Just put the tool in at .740 & see if that will work

Superman
07-10-2011, 01:01 AM
paynebros

G94 are mostly used for lathes so you mill will not like them being there, You need to change your post, so they are not there, It most likely should be a G90 for absolute


????
I think this comment needs checking

lathes are best programmed using Feed / Rev ( G95 )
if you adjust the spindle over-ride control, the feedr is also adjusted to stay at the programmed rate
ie RPM=1000 F=0.01/rev
slow the spindle and the feed is kept the same 0.010"/rev

Mills are standard set to G94 ( feed / minute )
this keeps the over-ride pots independant to each other
You can use G95, but caution should be used to make sure it is switched back to G94
G95 is ideal to be used when hole making ( generally only boring or RIGID tapping )

Some machines are fixed to using G94, so it may be a code that is not allowed ??

Another option to RIGID tapping ( tap is sloidly clamped in a non-flexible holder ) is the use of a spring tapping holder, feedrate should be about 95% of the calculated feed per rev
take a metric M6 x 1.0 pitch tap


RIGID Holder ( G94 mode ) S1000 F40.00 (F= pitch X RPM )
RIGID Holder ( G95 mode ) S1000 F0.040 (F=pitch )
Tapping Holder ( G94 mode ) S1000 F38.00 (F= pitch X RPM X 95% )

mactec54
07-10-2011, 10:29 AM
Superman

The G94/G95 command is modal and usually set very early in the program.
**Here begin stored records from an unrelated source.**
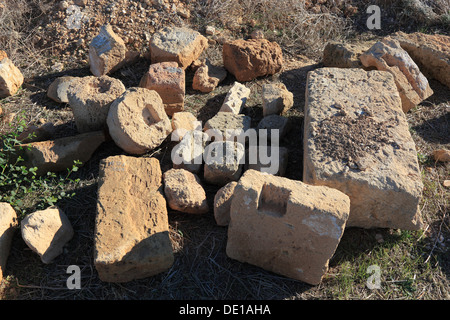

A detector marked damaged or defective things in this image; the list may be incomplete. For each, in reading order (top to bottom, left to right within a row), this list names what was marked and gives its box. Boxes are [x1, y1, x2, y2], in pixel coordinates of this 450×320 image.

broken limestone block [0, 57, 24, 97]
broken limestone block [48, 76, 79, 104]
broken limestone block [67, 75, 125, 132]
broken limestone block [89, 24, 126, 76]
broken limestone block [107, 86, 172, 154]
broken limestone block [139, 61, 185, 116]
broken limestone block [149, 26, 209, 69]
broken limestone block [192, 58, 227, 92]
broken limestone block [203, 112, 251, 141]
broken limestone block [218, 82, 250, 114]
broken limestone block [223, 39, 284, 82]
broken limestone block [262, 83, 294, 117]
broken limestone block [322, 41, 374, 69]
broken limestone block [358, 37, 432, 112]
broken limestone block [394, 32, 450, 89]
broken limestone block [16, 130, 106, 175]
broken limestone block [171, 129, 208, 174]
broken limestone block [205, 141, 246, 186]
broken limestone block [302, 69, 426, 231]
broken limestone block [0, 204, 18, 282]
broken limestone block [20, 206, 74, 264]
broken limestone block [94, 156, 173, 282]
broken limestone block [163, 168, 209, 215]
broken limestone block [213, 181, 237, 226]
broken limestone block [227, 170, 350, 284]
Unless you are programming a lathe and use G94 to move around the part and G95 to cut the part, it is pretty much a set it and forget it command.
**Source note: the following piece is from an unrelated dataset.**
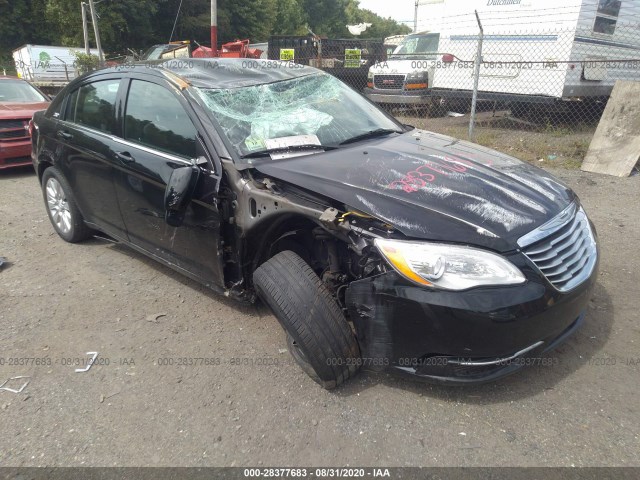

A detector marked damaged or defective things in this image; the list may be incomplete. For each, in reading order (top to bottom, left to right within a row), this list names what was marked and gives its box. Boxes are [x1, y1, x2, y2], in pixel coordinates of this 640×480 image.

bent roof [155, 58, 320, 89]
damaged black sedan [31, 60, 600, 388]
Most CNC machines run boot program when they start up that sets the most common modal commands. If you are running a mill, it will no doubt default to G94 when you turn the machine on.

(You only need to look at the control screen & you will see what has been loaded in modal commands)
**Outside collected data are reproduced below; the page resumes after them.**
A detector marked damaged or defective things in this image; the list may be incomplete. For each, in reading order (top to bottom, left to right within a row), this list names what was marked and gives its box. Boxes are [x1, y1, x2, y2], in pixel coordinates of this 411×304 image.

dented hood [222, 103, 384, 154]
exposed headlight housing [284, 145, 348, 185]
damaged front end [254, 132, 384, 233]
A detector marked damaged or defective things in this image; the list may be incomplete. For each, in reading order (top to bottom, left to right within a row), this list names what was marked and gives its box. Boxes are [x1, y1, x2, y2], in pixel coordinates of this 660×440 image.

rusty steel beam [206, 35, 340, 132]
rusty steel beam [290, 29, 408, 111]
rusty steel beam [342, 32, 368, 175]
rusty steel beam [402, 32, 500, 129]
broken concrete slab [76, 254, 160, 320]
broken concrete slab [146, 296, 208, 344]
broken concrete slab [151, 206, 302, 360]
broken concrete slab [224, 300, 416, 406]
A lathe could default to either G94 or G95, so make sure that one of the first lines in your program always sets the initial conditions you want default to.

This is why it should not be in his Mill program,as he found out, The control did not like it being there

As for my post about this G94 being in his program, that you seem to see as incorrect it is not,

You don't put a G94 in a mill program it is not needed,& should not be there, It is only put in Lathe programs when needed, or Mill/Lathe Type machines

jagardner4
07-10-2011, 10:46 AM
To work, Cutter Diameter Compensation (CDC) requires that you not only call up the desired tool diameter. but also tell which side of the cut you are on.

I think in your case, the T code indicates the diameter offset to use, so the code you've posted is okay, but there's a small possibility the parameters have been set to call tool diameters via a D code programmed in Event Type 9 (M Function Event). Check the M Function event for a D code line. If it doesn't have one, stick with calling the tool diameter by way of the T code.

Once you've called up the offset you want to use, you need to activate it and tell the control which side of the cut to put the compensation on. This is done by programming C1 or C2 in a Linear or Arc Mill event (event types 1 or 2). I don't remember which code tells the control to put the cutter to the left of path and which puts it to the right, but there will be a help message that comes up telling you which one is which. Diameter compensation remains active only while executing lines and arcs (event types 1 or 2), so programming any other event will 'interrupt' it and shut it off.

G41 and G42 are the G code equivalents for C1 and C2 in the conversational events.

There's a lot more rules and such discussed in the manual about cutter compensation. You should really take a few minutes to read the section.